Review Summary: Dark Days, Grey Nights5 of 5 thought this review was well written
Before I begin, it is of vital importance that you know that The Kilimanjaro Darkjazz Ensemble is only the third best band name that founder Jason Kohnen has come up with. The second? The Mount Fuji Doomjazz Corporation. And the first?
All in good time my Sputnik amigos.
Here be Dragons
is the sophomore effort from the Dutch group, and is a natural progression from their self titled debut. Lightly brushed drums embrace the silky smooth fretless bass like long lost lovers in a darkened room. Mournful brass lurks in the shadows, serenading the couple with a lament of woeful sighs. Occasionally, a trickle of melancholy laughter emerges from agonizingly placed piano keys before fading again into the gloom. Almost imperceptibly, like dreary smoke from a forgotten cigarette, dark sine waves rise from the ashtray of sound and seep out of the open balcony into the boundless night. Suddenly a soft and sultry voice slinks in from the burning slit of light at the bottom of the weary door; shadowy syllables tiptoe their way along the corridor, carried by an invisible breeze that caresses the murky space and causes the lonely candle flame to bow in subjugation before the infinite darkness.

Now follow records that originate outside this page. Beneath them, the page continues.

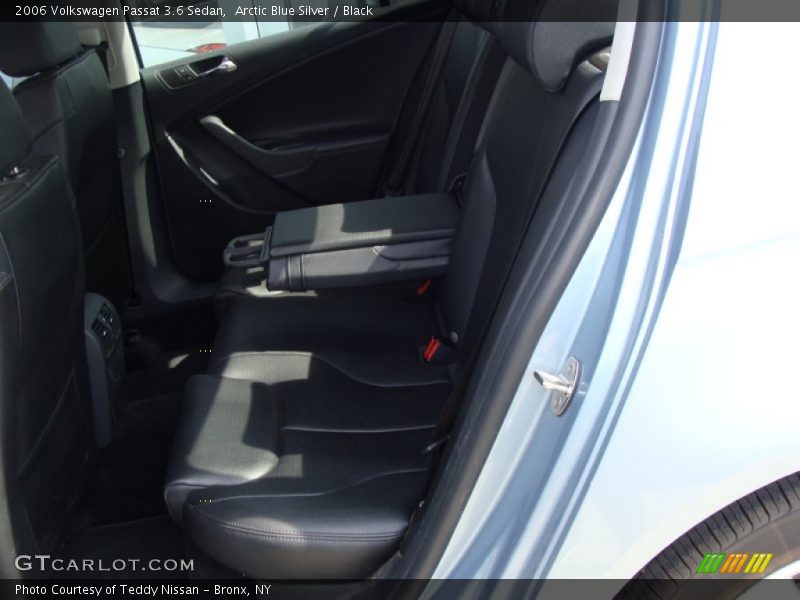 Arctic Blue Silver / Black 2006 Volkswagen Passat 3.6 Sedan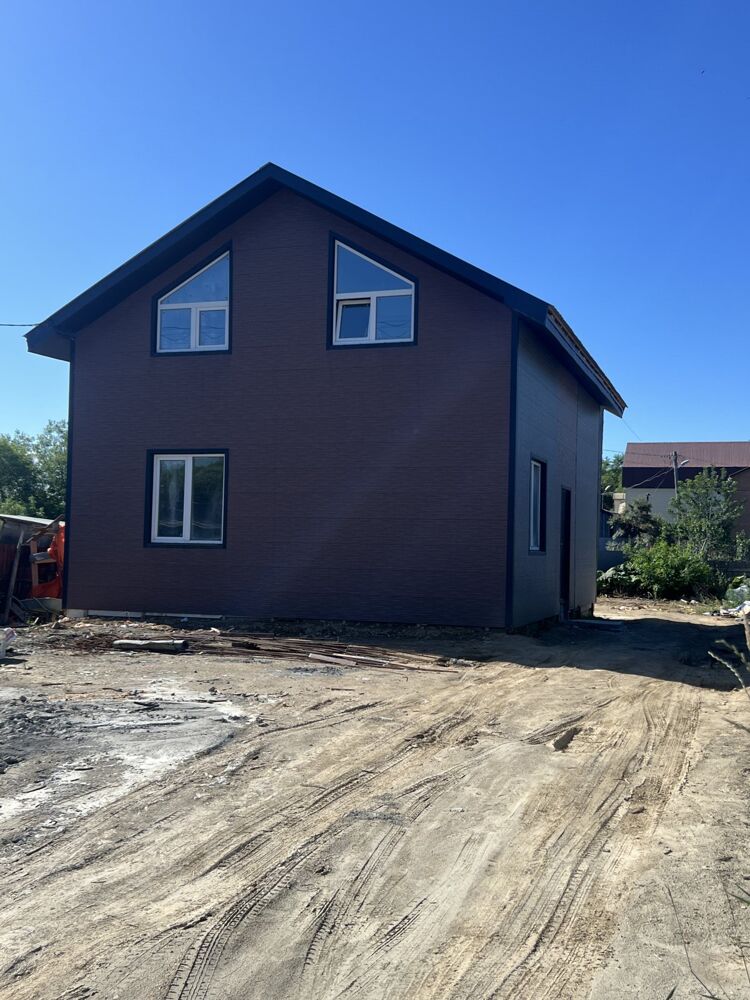 Продам дом, 5 комнат, 138 м², этажей: 2, участок: 5 соток в собственности
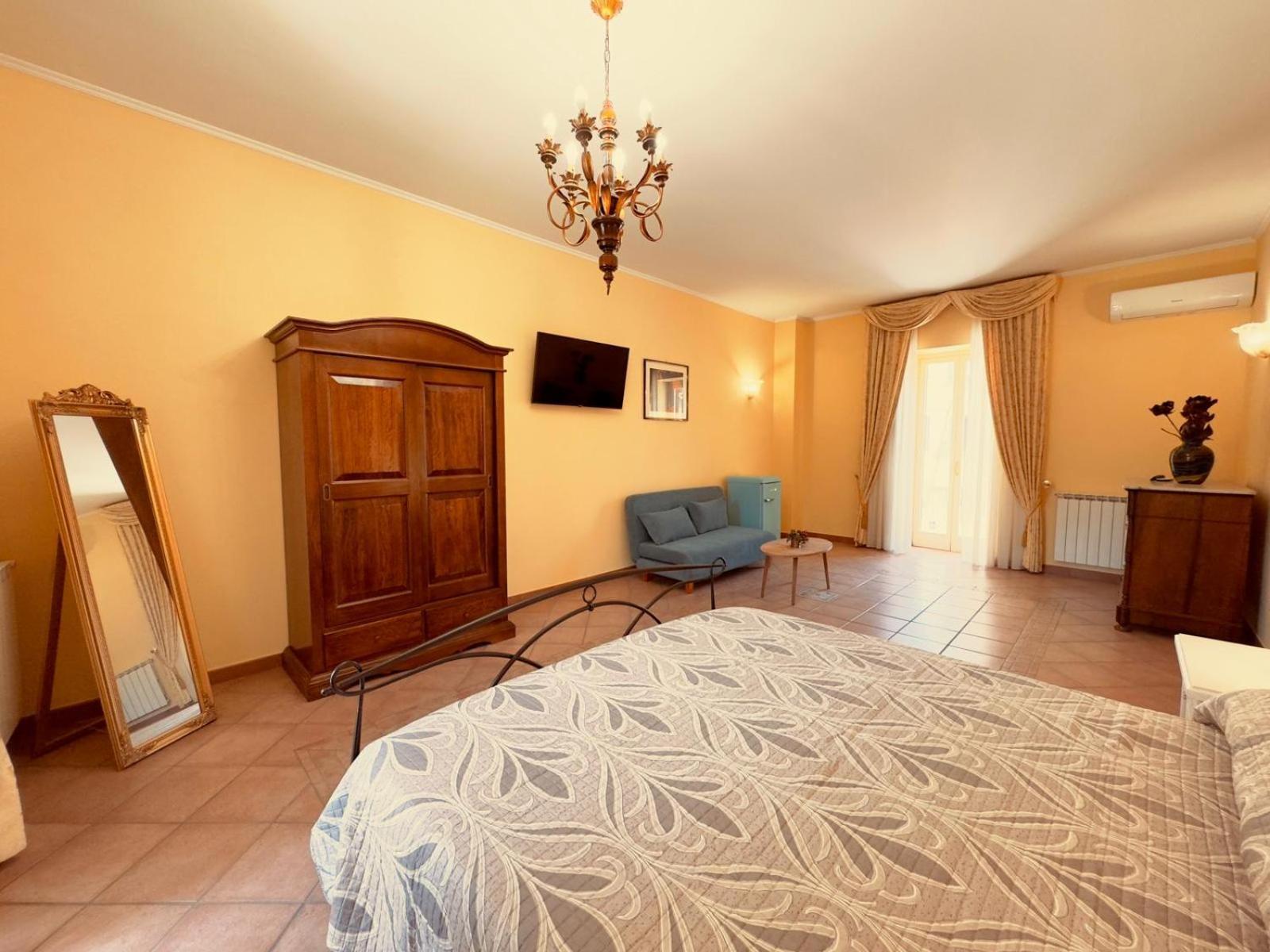 Casa Pepe - Fondi Vertice Rooms Dış mekan fotoğraf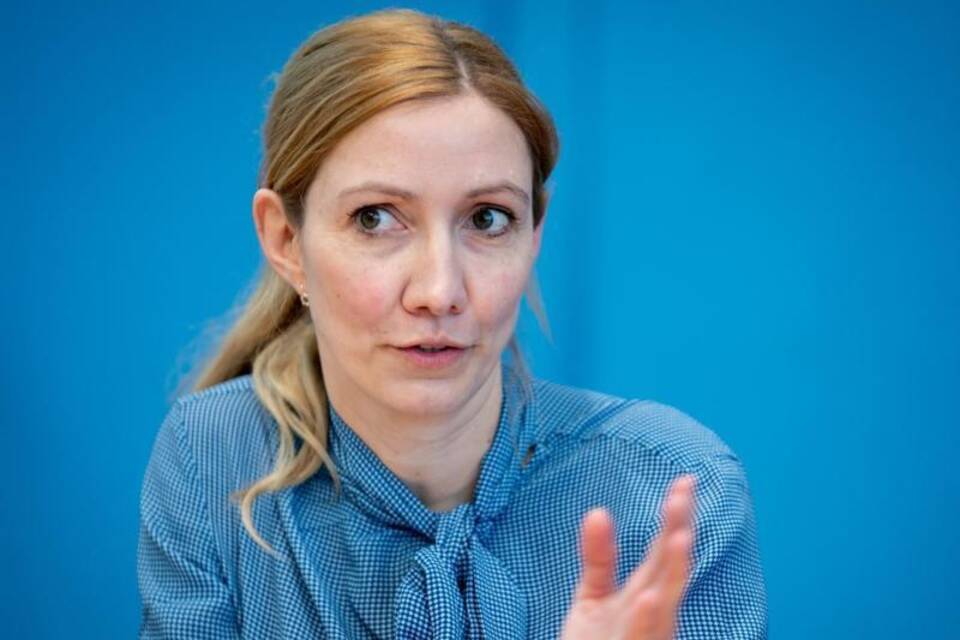 Sandra Ciesek Sandra Ciesek
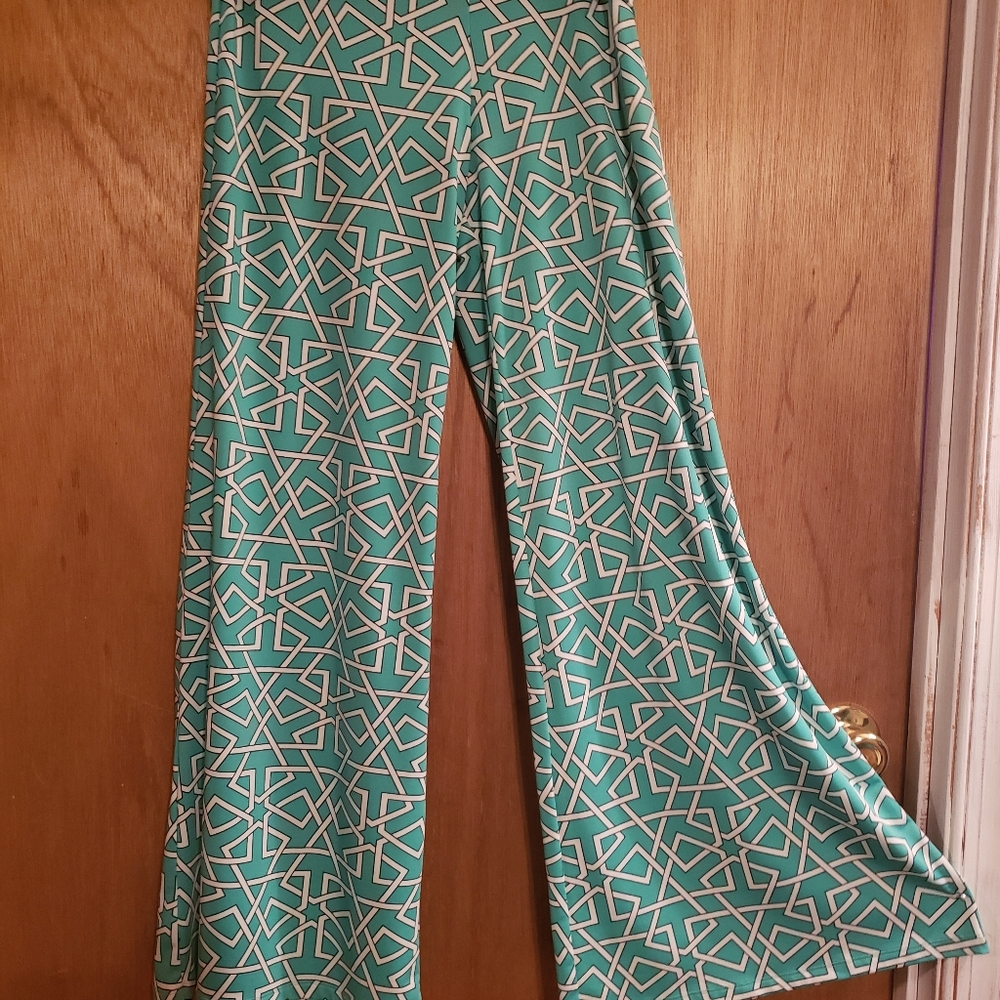 Palazzo Pants Pizazz!! Buffet pants (wink)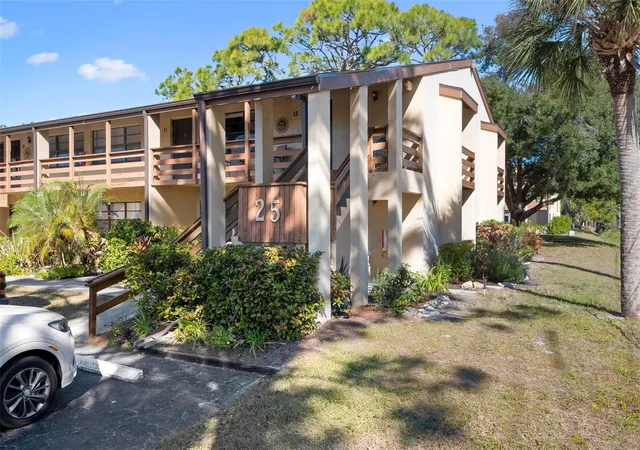 Photo 3 of Condo for sale at 25 Quails Run Blvd #6, Englewood, FL 34223 | MLS# D6145696 | Listing updated on 2026-09-11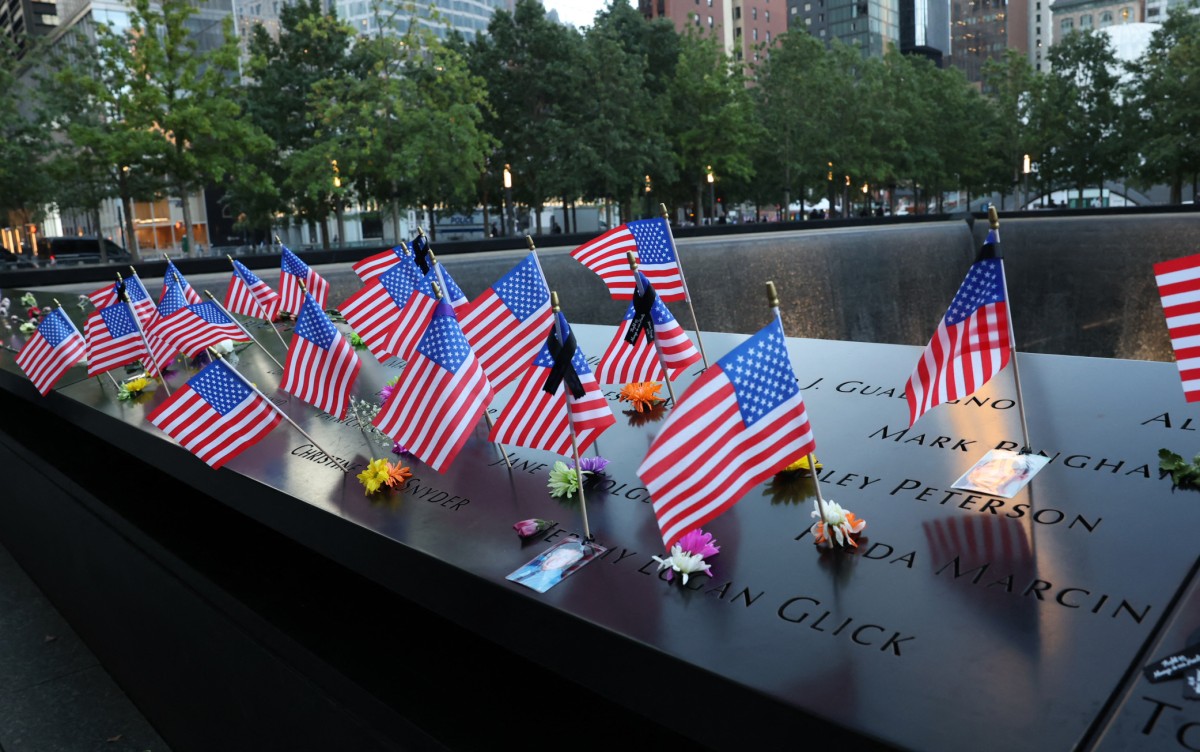 Nueva York honra a las víctimas del 11 de septiembre a 24 años del atentado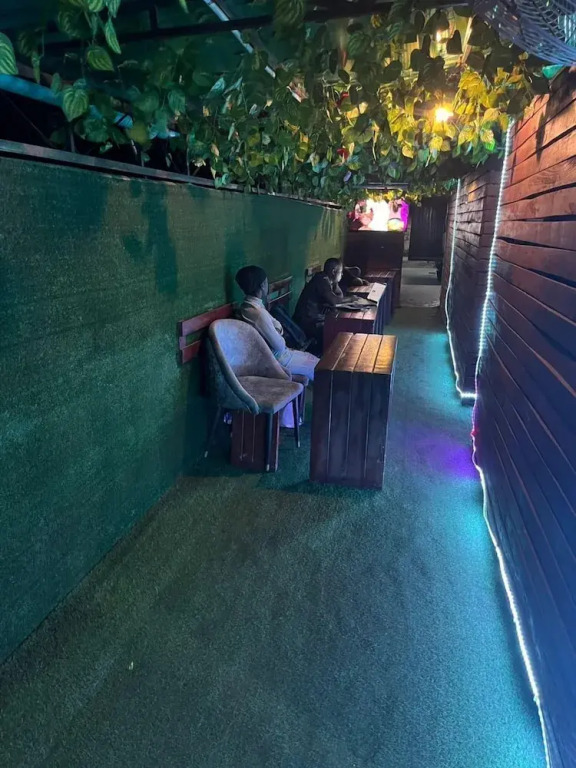 Thapunchline Apartments & Hotels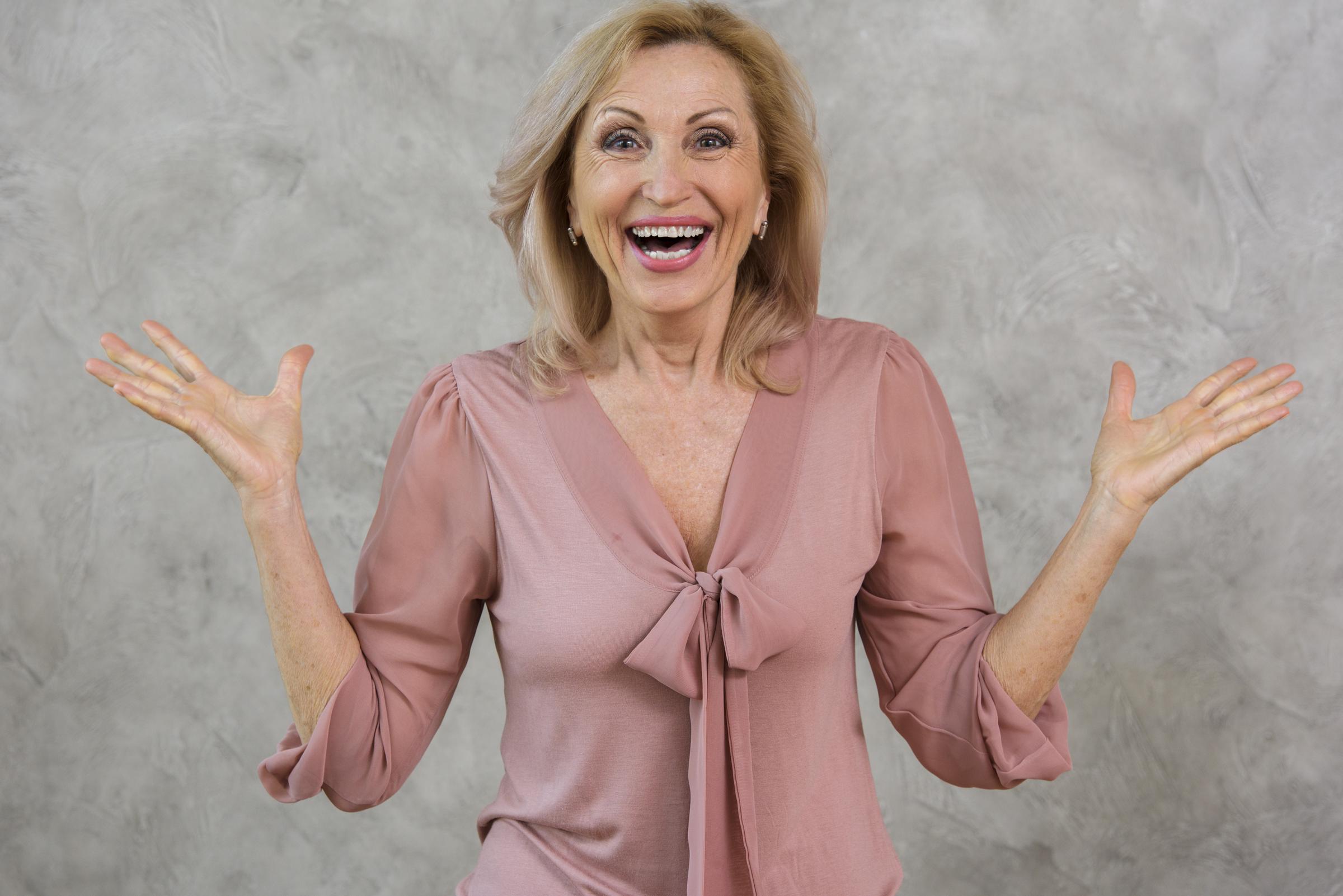 Une femme heureuse | Source : Freepik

There are many reasons to listen to this dark and thoughtful music. It’s dark, brooding and at times superbly soul stirring. It’s also strikingly original. The instrumentation is constrained and subtle, and it works wonders by enveloping rather than overwhelming the listener; this is shadowy music for dark days and grey nights.
But the first and foremost reason you have to get this is because it’s the side project of a genius whose main artistic outlet is a raggacore outfit called, unbelievably and unbeatably, Bong Ra.